WHAT TO PRODUCE: Write out the listing from the line with "A custom butterfly" to the line with "a bathroom with", both lines included, exactly and nothing beyond. Leave pictures out.
########
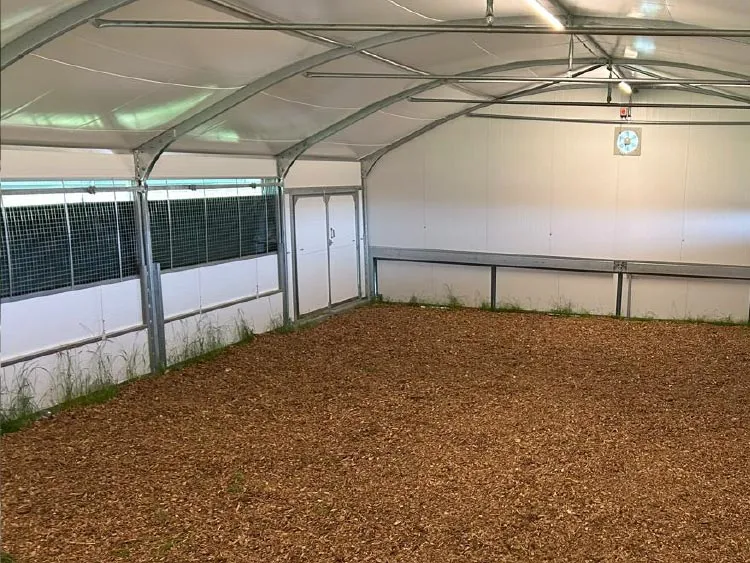 Interior of a metal-framed shed with wood chip flooring and white panel walls under a curved roof.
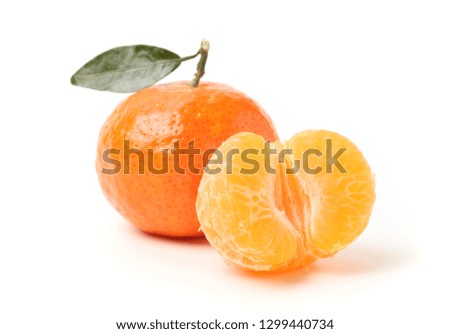 Tangerine or clementine with green leaf isolated on white 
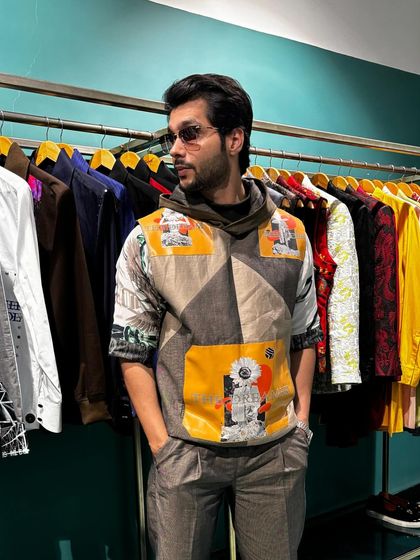 A full view of Abhishek Kumar in the Solar Flare Set, showcasing the printed Wrangler sleeve tee and embroidered trousers. This outfit offers both comfort and a standout look for any casual occasion.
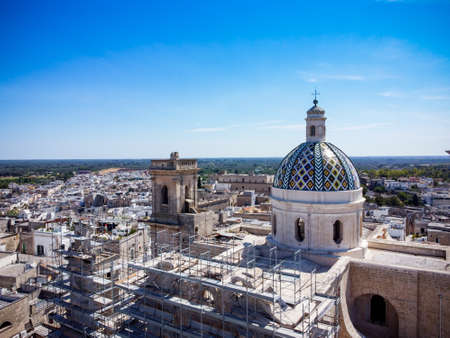 Aerial view of the Basilica Pontificia Cattedrale Santa Maria Assunta in Cielo in the town of Oria, in the south of Italy on Blurred backgroundの写真素材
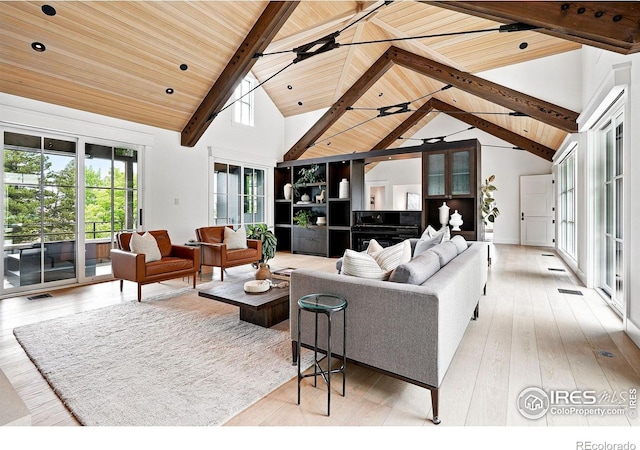 2100 Kohler Dr, Boulder, CO 80305 - living area featuring wooden ceiling with exposed beams, light wood finished floors, and high vaulted ceiling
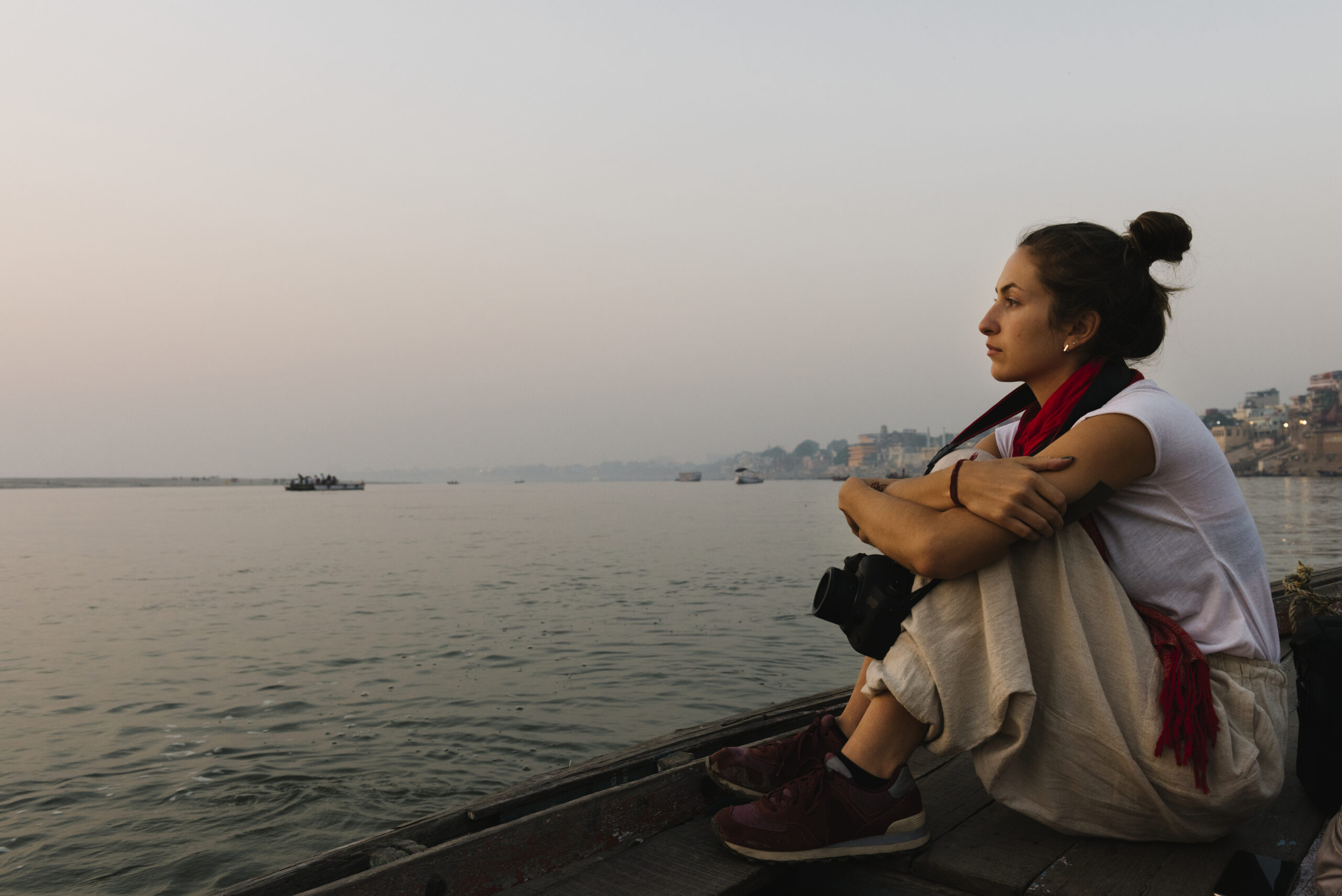 Photographer sitting on a boat on the River Ganges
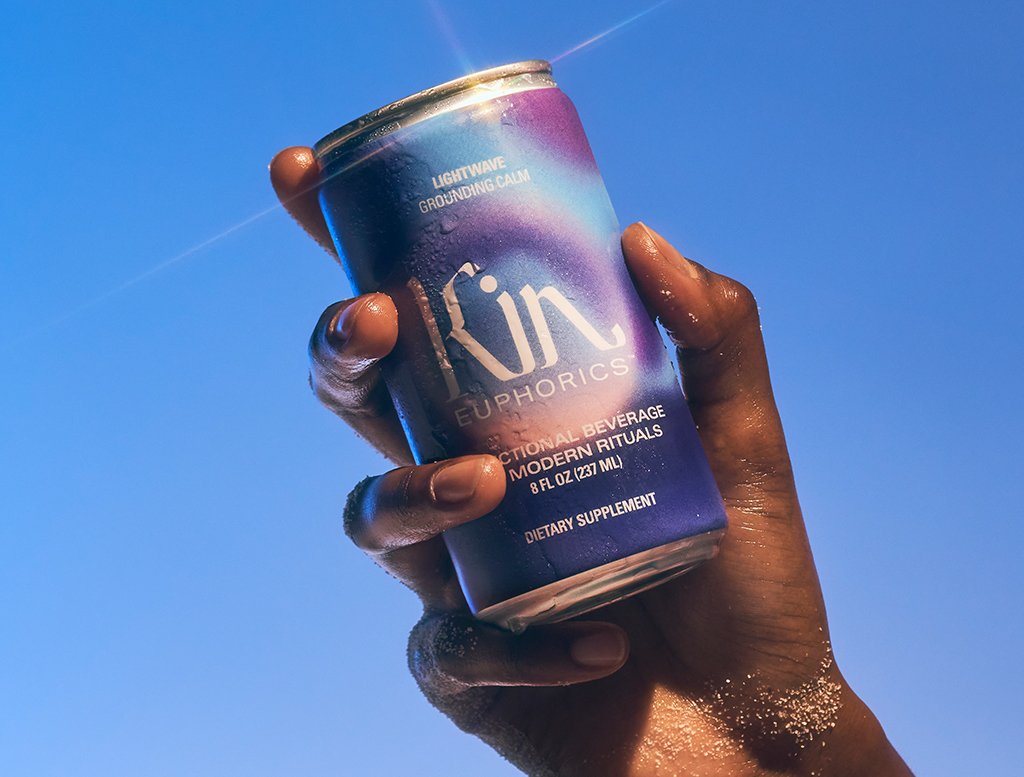 Hand holding a can of kin euphorics calming beverage, made with 0% ABV and functional ingredients 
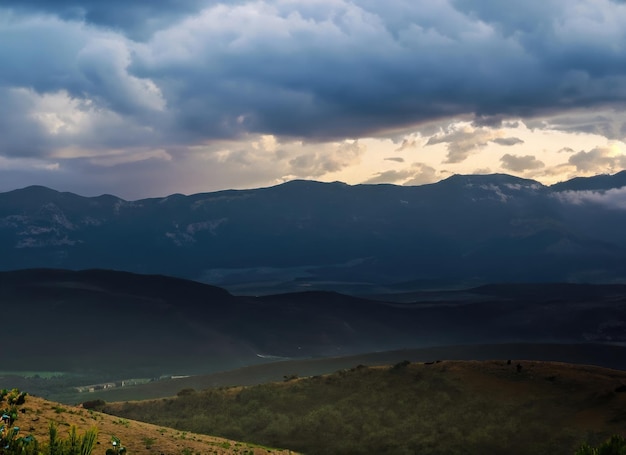 The landscape of mountains under rainy clouds at dusk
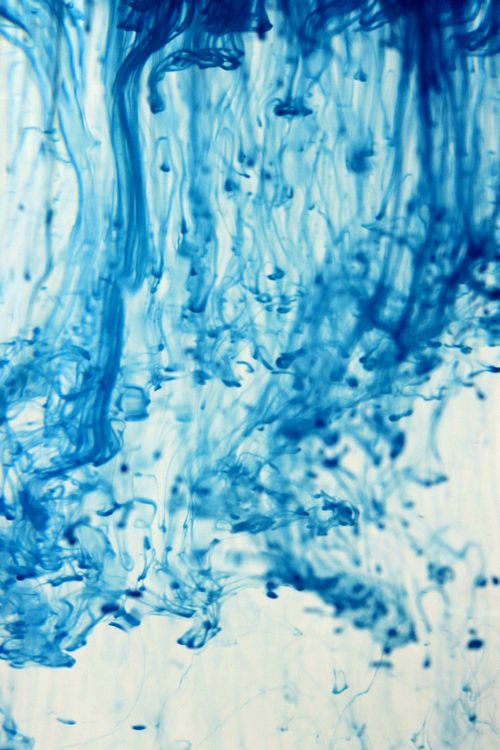 Free Captivating abstract image of blue ink swirling in water, creating dynamic patterns. Stock Photo
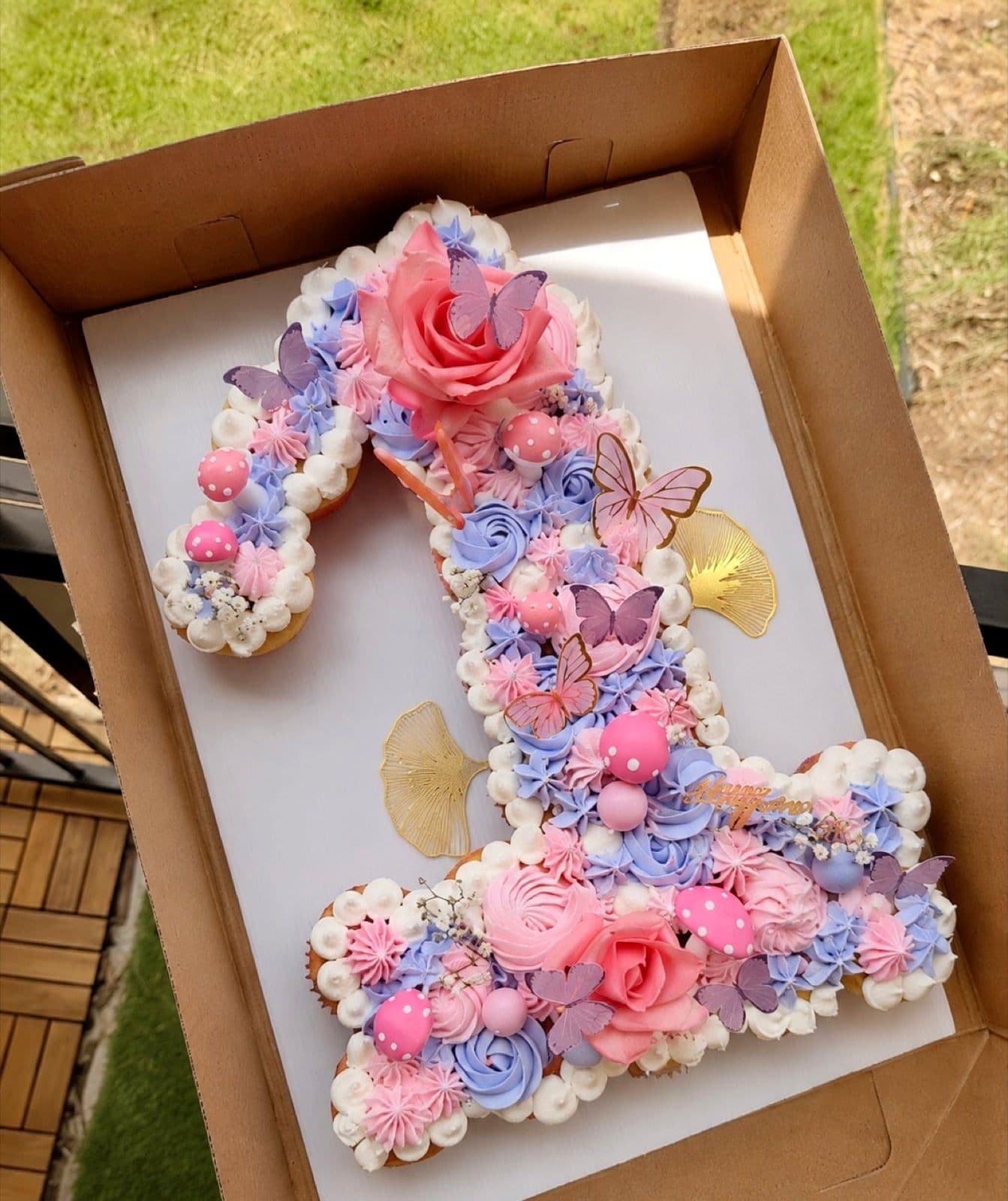A custom butterfly birthday cake with a number one topper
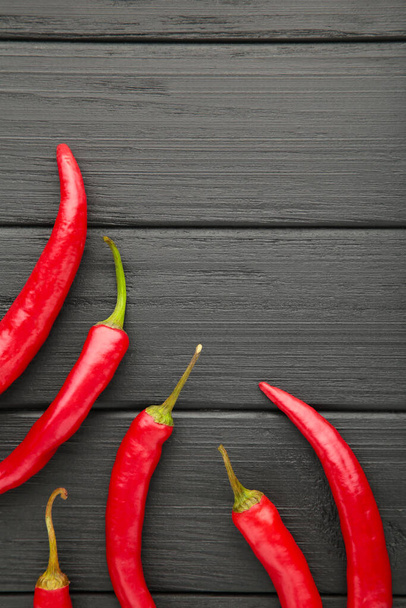 Red Hot chili peppers on black wooden background, closeup. Top view. Vertical - Photo, image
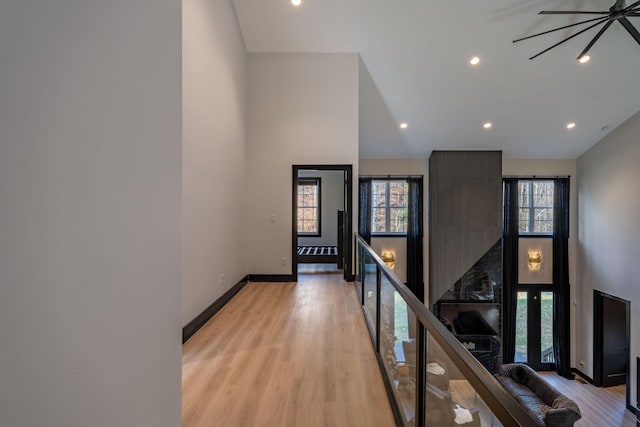 hall featuring light wood-type flooring and a towering ceiling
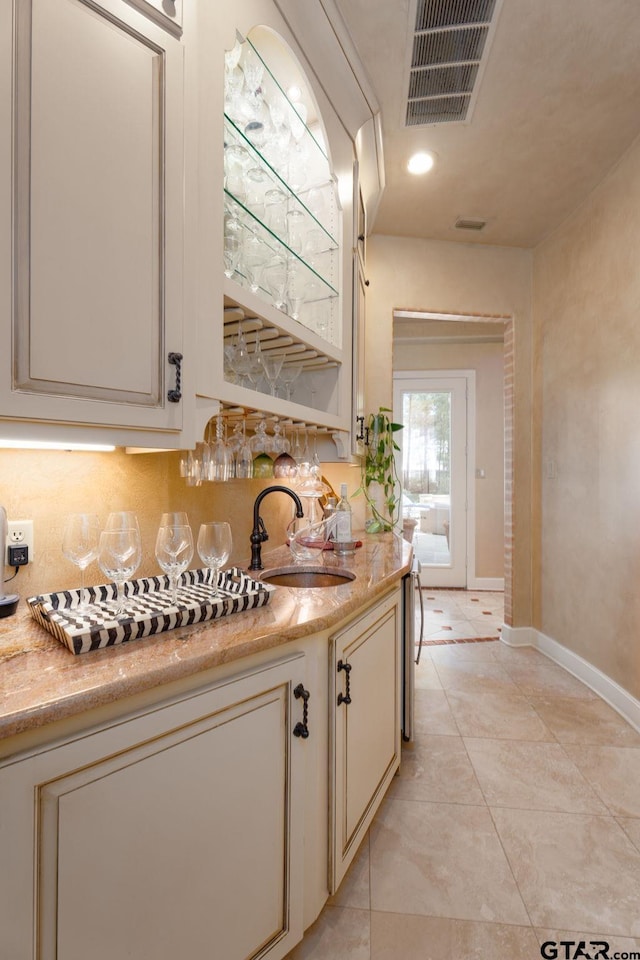 kitchen with backsplash, cream cabinets, sink, and light tile patterned floors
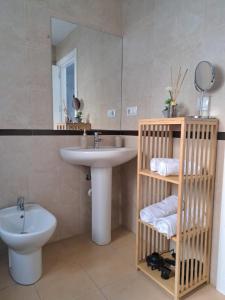 a bathroom with a sink and a toilet and a mirror at Atico TERRAZA DEL CARMEN in Salobreña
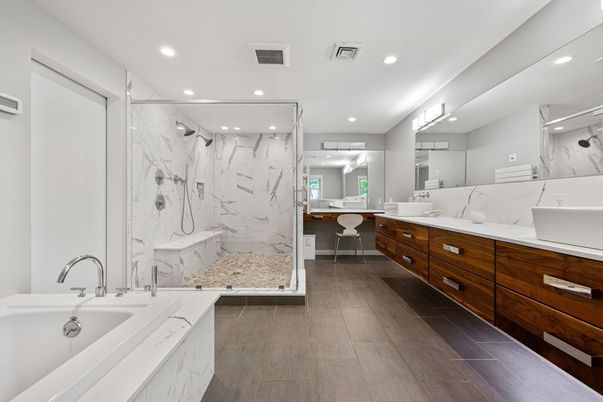 Bathroom, Dual Sink Vanities, Glass Shower, Interior, Marble Walls, Recessed Lighting, Wood Texture Flooring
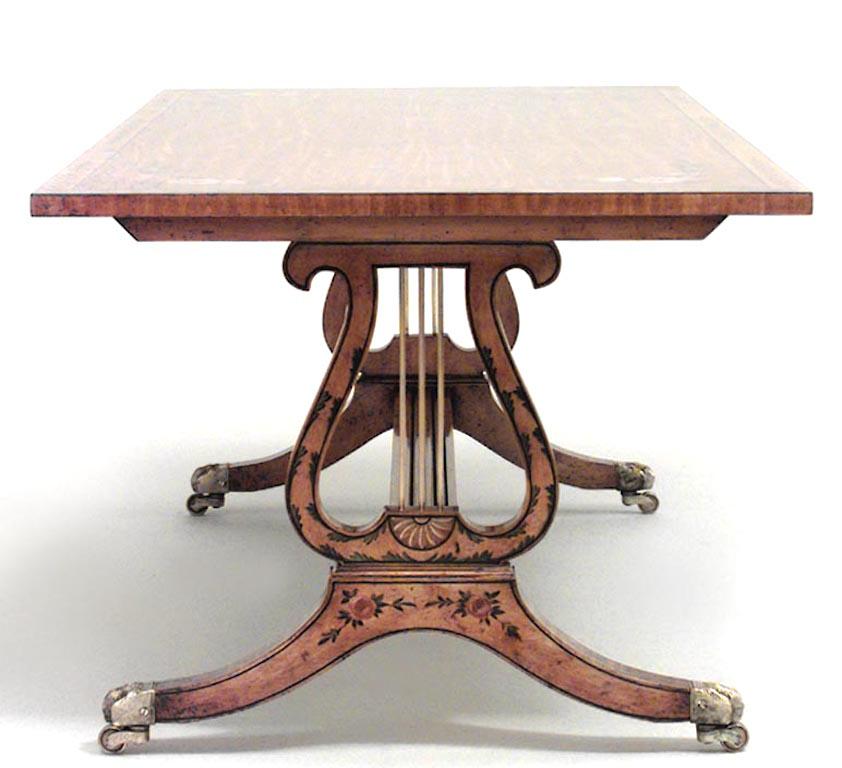 English Hepplewhite-style (20th Century) rectangular satinwood coffee table with floral tabletop design, double lyre design base with stretcher, and brass trim.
########
SOLUTION:
A custom butterfly birthday cake with a number one topper
 Red Hot chili peppers on black wooden background, closeup. Top view. Vertical - Photo, image
 hall featuring light wood-type flooring and a towering ceiling
 kitchen with backsplash, cream cabinets, sink, and light tile patterned floors
 a bathroom with a sink and a toilet and a mirror at Atico TERRAZA DEL CARMEN in Salobreña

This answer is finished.